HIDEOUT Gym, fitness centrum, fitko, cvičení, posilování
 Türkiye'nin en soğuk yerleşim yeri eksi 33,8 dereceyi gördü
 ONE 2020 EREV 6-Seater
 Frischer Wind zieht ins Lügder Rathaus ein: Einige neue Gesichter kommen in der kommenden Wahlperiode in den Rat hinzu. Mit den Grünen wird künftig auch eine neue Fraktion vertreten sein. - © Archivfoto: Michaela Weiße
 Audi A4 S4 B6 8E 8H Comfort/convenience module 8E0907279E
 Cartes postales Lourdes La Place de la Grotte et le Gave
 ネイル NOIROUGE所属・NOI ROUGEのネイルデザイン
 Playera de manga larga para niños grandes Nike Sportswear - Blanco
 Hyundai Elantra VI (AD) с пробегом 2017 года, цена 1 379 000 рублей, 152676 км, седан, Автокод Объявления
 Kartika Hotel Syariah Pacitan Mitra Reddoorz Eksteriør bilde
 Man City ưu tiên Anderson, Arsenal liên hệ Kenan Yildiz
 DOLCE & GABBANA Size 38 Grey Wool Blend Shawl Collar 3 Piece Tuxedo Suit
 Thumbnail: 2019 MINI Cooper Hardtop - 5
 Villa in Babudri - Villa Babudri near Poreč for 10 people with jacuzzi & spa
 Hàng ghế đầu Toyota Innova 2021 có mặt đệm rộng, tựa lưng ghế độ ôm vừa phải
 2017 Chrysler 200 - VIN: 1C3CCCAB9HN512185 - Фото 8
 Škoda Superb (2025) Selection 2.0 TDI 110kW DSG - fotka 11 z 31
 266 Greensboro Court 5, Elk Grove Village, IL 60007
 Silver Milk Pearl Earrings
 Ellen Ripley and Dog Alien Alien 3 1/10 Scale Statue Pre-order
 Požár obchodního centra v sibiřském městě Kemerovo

EXERCISE GOAL>
Extract from the listing above the lines between the line containing "Playera de manga" and the line containing "2017 Chrysler 200", keeping both of those lines. Output nothing else.

ANSWER BELOW>
 Playera de manga larga para niños grandes Nike Sportswear - Blanco
 Hyundai Elantra VI (AD) с пробегом 2017 года, цена 1 379 000 рублей, 152676 км, седан, Автокод Объявления
 Kartika Hotel Syariah Pacitan Mitra Reddoorz Eksteriør bilde
 Man City ưu tiên Anderson, Arsenal liên hệ Kenan Yildiz
 DOLCE & GABBANA Size 38 Grey Wool Blend Shawl Collar 3 Piece Tuxedo Suit
 Thumbnail: 2019 MINI Cooper Hardtop - 5
 Villa in Babudri - Villa Babudri near Poreč for 10 people with jacuzzi & spa
 Hàng ghế đầu Toyota Innova 2021 có mặt đệm rộng, tựa lưng ghế độ ôm vừa phải
 2017 Chrysler 200 - VIN: 1C3CCCAB9HN512185 - Фото 8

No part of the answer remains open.